Causas e causas
- Francisco Lopes Matias
- 26 de jun. de 2021
- 9 min de leitura
Atualizado: 27 de jun. de 2021

Escreveu G. K. Chesterton, no seu brilhante Ortodoxia, que “o mundo moderno está, todo ele, em guerra com a razão; e a torre já começou a abanar”.
A verdade é que, cada vez mais, se lermos as notícias, refletirmos mais de dois segundos sobre elas e, acima de tudo, fizermos o cada vez mais rebelde exercício de não aceitar à partida e como certas e indiscutíveis as teses quase hegemónicas dos nossos dias, nos iremos aperceber de que algo de muito estranho se passa com o mundo e com as ideias que o sustentam. A lógica, a verdade e a própria razão já não parecem interessar muito.
Esta semana ficou marcada pela polémica em torno de uma lei aprovada na Assembleia Nacional Húngara (Országgyűlés) que deixa de permitir a promoção ou divulgação a menores de 18 anos de conteúdos que incluam a “representação e promoção de uma identidade de género diferente do sexo à nascença, da mudança de sexo e da homossexualidade”. Na prática, as escolas húngaras deixam de poder abordar estas temáticas (complexas e facilmente deturpáveis) junto de alunos menores de idade. Os filmes e anúncios televisivos ao alcance dos menores de idade também não devem mostrar conteúdos homossexuais.
Na sequência da aprovação pacífica desta nova legislação no Parlamento húngaro, no qual o Fidesz, partido do Primeiro-Ministro Viktor Orbán, tem uma maioria confortável (117 deputados num total de 199), 13 Estados-Membros da União Europeia (Portugal não está incluído por presidir à UE até dia 1 de Julho deste ano) assinaram uma carta de repúdio por esta nova lei.

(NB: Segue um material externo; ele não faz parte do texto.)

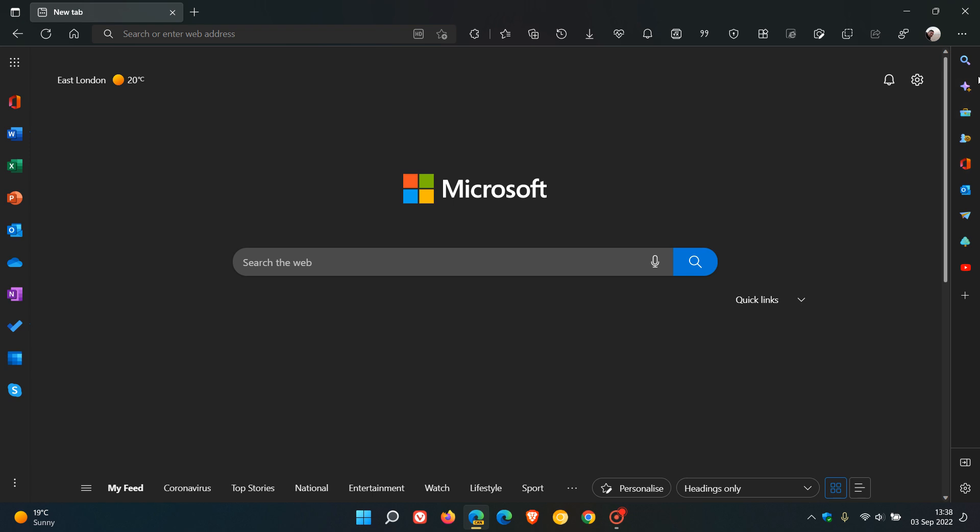The Microsoft Edge sidebar is a feature that Microsoft has been testing in the Edge Canary browser and also in the other preview versions of the Edge browser on desktop, as I have been posting over the last couple of months.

A reacção das associações LGBT, da comunicação social e dos governos europeus foi instantânea, tendo esta temática inflamado igualmente as redes sociais. A Presidente da Comissão Europeia, Ursula Von der Leyen, afirmou que esta norma “é uma vergonha” e escreveu no Twitter: “Acredito numa Europa que acolhe a diversidade, não uma que a esconde das nossas crianças. Ninguém deveria ser discriminado em função da sua orientação sexual”. O porta-voz do governo húngaro não tardou na resposta a Von der Leyen, utilizando também esta rede social para responder: “Cara Ursula, como mãe de sete filhos, certamente percebe a importância de educar os seus filhos nestas matérias sensíveis da forma que achar mais correcta”.

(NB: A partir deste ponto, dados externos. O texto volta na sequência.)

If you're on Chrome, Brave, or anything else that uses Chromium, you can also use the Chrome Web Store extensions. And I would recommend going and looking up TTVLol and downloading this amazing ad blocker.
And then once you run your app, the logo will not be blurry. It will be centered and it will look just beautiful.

Para além de tudo isto, a Câmara Municipal de Munique decidiu iluminar o Allianz Arena (estádio onde se jogou o Alemanha-Hungria referente à fase de grupos do Euro 2020) com as cores da bandeira arco-íris (símbolo LGBT), o que foi rejeitado pela UEFA, por considerar nociva a mistura entre temas políticos e guerrilhas entre Estados-Membros e o futebol, o que gerou indignação no universo das redes sociais. Do mesmo modo, Viktor Orbán (que assiste assiduamente aos jogos da selecção magiar) cancelou a sua viagem a Munique, tendo ainda ocorrido um incidente no estádio, em que um adepto invadiu o relvado para, em jeito de provocação, ostentar uma bandeira arco-íris em frente aos jogadores húngaros, durante o respectivo hino nacional.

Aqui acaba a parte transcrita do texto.